Q. what has 2 legs and can't walk A. a paraplegic

whats difference between a bench and a mexican? a mexican isnt a bench

whyo black peopple lie koolade the like the taste

What's worse than dropping your phone in the toilet? Drinking only milk and honey for 7 days and then getting diarrhea while lying chained up completely naked with red fire ants going up your anus and all over your body while you get eaten alive in slow painfully miserable death

Why did little Susie light herself on fire? Answer: She wanted to be warm

Why is my car broken? Because I drove it into a wall.
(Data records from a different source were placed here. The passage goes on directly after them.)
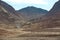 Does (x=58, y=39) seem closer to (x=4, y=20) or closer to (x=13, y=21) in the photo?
(x=4, y=20)

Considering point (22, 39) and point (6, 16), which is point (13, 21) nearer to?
point (6, 16)

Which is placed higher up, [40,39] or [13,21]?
[13,21]

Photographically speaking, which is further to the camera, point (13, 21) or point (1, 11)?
point (13, 21)

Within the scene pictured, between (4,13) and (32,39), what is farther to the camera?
(4,13)

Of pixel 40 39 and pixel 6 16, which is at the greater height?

Sweet! I've just received my free minecraft giftcode! >> Minecraftcodes.info <

Knock knock. Who's there? The mailman. I don't believe you.
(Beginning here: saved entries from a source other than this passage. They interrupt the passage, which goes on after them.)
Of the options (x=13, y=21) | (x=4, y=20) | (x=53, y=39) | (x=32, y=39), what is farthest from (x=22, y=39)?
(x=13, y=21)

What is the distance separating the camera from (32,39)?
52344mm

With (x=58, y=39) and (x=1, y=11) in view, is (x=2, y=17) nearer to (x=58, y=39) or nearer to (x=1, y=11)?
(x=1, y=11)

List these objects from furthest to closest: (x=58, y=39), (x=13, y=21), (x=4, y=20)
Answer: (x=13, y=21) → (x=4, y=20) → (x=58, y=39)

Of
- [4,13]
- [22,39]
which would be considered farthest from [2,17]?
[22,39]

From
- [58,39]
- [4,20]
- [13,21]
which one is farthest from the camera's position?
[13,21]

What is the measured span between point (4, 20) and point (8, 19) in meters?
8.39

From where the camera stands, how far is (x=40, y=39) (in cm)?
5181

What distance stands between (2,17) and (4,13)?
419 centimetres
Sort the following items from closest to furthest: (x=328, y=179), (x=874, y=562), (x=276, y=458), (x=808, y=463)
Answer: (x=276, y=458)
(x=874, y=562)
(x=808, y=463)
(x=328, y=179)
why is 6 afraid of 7?? because 7 8 9

What band protects hope in current music? Nickelback.

2 muffins are in the oven. After about 15 minutes, they both died.
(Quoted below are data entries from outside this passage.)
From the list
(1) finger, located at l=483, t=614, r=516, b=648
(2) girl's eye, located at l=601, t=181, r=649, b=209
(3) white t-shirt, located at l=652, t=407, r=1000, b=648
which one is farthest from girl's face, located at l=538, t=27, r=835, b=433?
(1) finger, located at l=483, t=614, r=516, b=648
Why did the chicken cross the road? There's no way to know. The chicken can't speak any humanly comprehensible languages so any reason we can determine is pure speculation.

how does a zookeeper build a snowman. same as everyone else

My mom's dead

What's the best part about a birthday cake? Eating it.

Water, please.

What did one lawyer say to the other lawyer? Horse semen

why did the boy hug a very dislexic man it was his brother

Why is there so much hate in the world? Because you touch yourself at night.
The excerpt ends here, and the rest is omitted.